### TASK DIRECTIONS:
In the entries below, find the line with "Welcome back everyone." and the line with "So this is a"; copy them and every line between them exactly, but not the pictures.

++++ SUPPLIED DATA

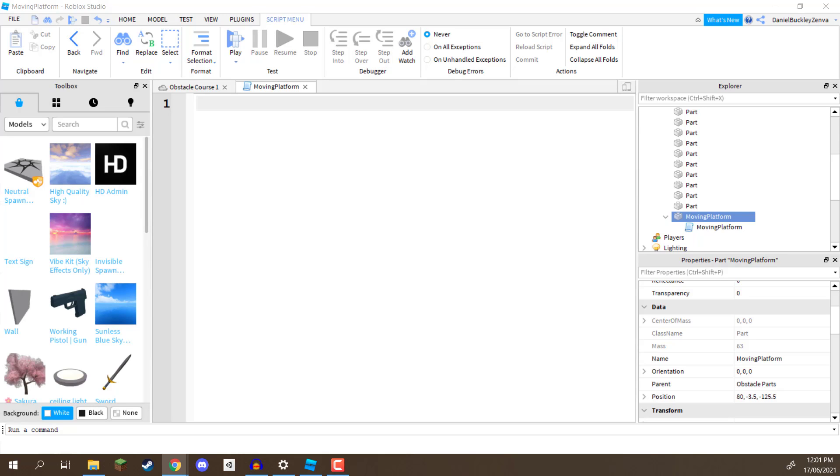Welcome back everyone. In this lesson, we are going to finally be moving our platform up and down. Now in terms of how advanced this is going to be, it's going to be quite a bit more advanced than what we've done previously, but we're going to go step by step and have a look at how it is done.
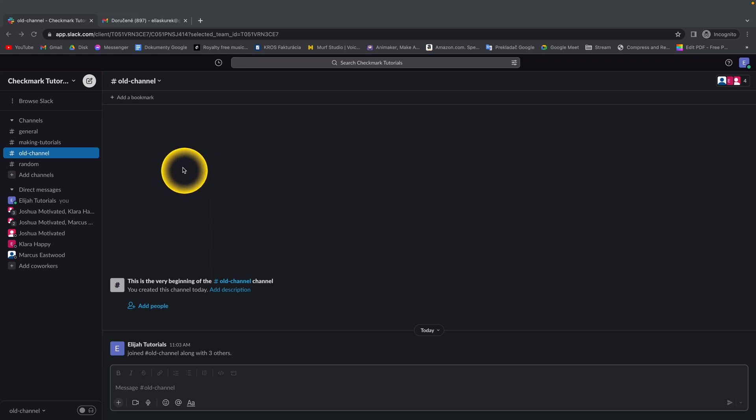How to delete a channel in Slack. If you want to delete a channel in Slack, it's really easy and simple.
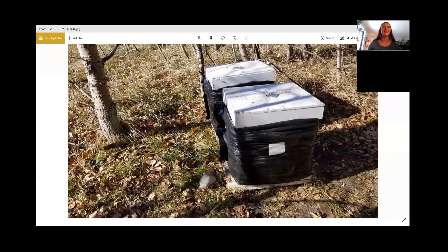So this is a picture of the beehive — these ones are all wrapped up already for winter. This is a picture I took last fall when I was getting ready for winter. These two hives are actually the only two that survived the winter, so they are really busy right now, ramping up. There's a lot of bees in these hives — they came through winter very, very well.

++++++++
++++ SUPPLIED DATA

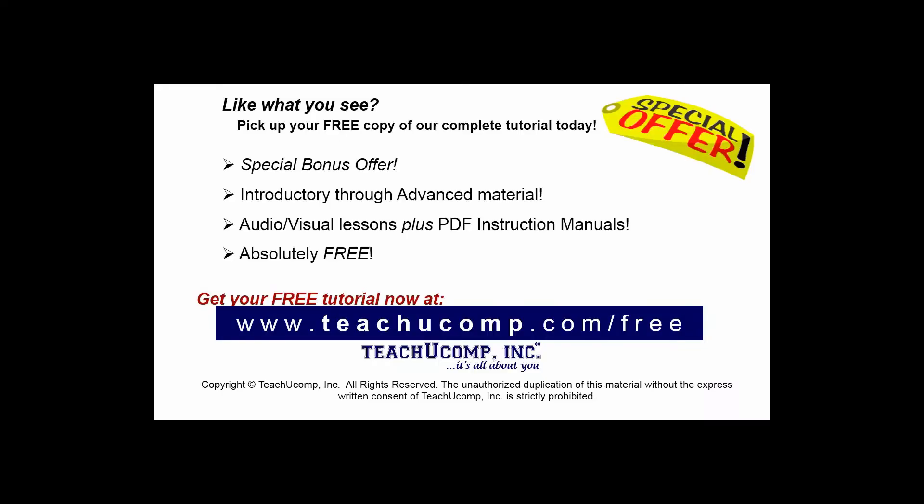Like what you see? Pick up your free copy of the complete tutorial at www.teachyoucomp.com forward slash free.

++++++++
++++ SUPPLIED DATA

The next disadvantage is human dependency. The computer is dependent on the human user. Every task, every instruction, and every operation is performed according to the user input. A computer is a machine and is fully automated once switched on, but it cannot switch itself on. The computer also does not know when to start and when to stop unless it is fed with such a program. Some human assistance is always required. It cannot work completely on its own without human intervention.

++++++++

### ANSWER SPACE:
Welcome back everyone. In this lesson, we are going to finally be moving our platform up and down. Now in terms of how advanced this is going to be, it's going to be quite a bit more advanced than what we've done previously, but we're going to go step by step and have a look at how it is done.
How to delete a channel in Slack. If you want to delete a channel in Slack, it's really easy and simple.
So this is a picture of the beehive — these ones are all wrapped up already for winter. This is a picture I took last fall when I was getting ready for winter. These two hives are actually the only two that survived the winter, so they are really busy right now, ramping up. There's a lot of bees in these hives — they came through winter very, very well.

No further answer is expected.